Still, it appears a handful of Britons could benefit from building their confidence levels in order to approach their bosses about a pay rise.
Research from Stagecoach Theatre Arts School found 34 per cent of people questioned were too shy to ask their boss for a pay increase.
The study also found 29 per cent were too timid to go for a promotion, which will no doubt impact on their ability to excel in their jobs.
Director of education at the Stagecoach Theatre Arts School Veronica Bennetts believes that confidence building is important from a young age.
She said: "If you are shy, it can mean you struggle to sell yourself in job interviews or find it difficult to deal with customers or clients when you are at work."
Indeed, the study showed 29 per cent of respondents struggled in job interviews and found it difficult not to clam up when asked important questions.

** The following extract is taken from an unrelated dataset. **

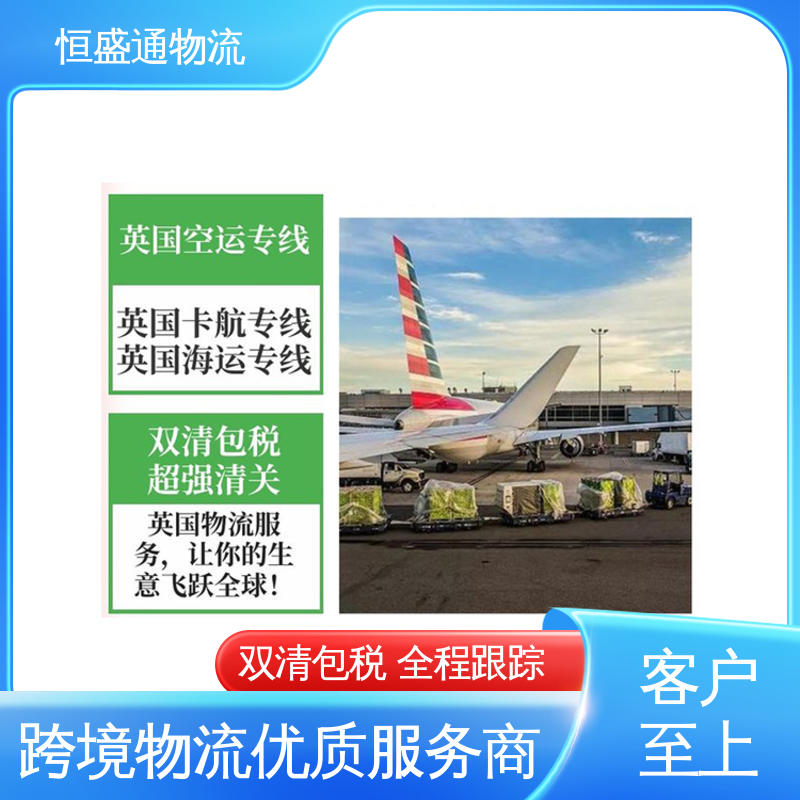 恒盛通 郑州英国双清专线物流 时效快 绿色清关，安全有保障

A further 41 per cent of people got nervous when delivering presentations or heading up meetings, while 40 per cent were too shy to open their mouths at meetings altogether.
This level of shyness could, however, put a stop to the amount of income a person secures if they are too inhibited to request a pay rise or aim for a work promotion.
While this not only has obvious hindrances for people in their current roles, it also prevents them from earning enough to boost their savings for later life and retirement.
As such, those struggling with confidence issues might consider ways to improve their public speaking skills so they are less fazed by their colleagues and seniors at work.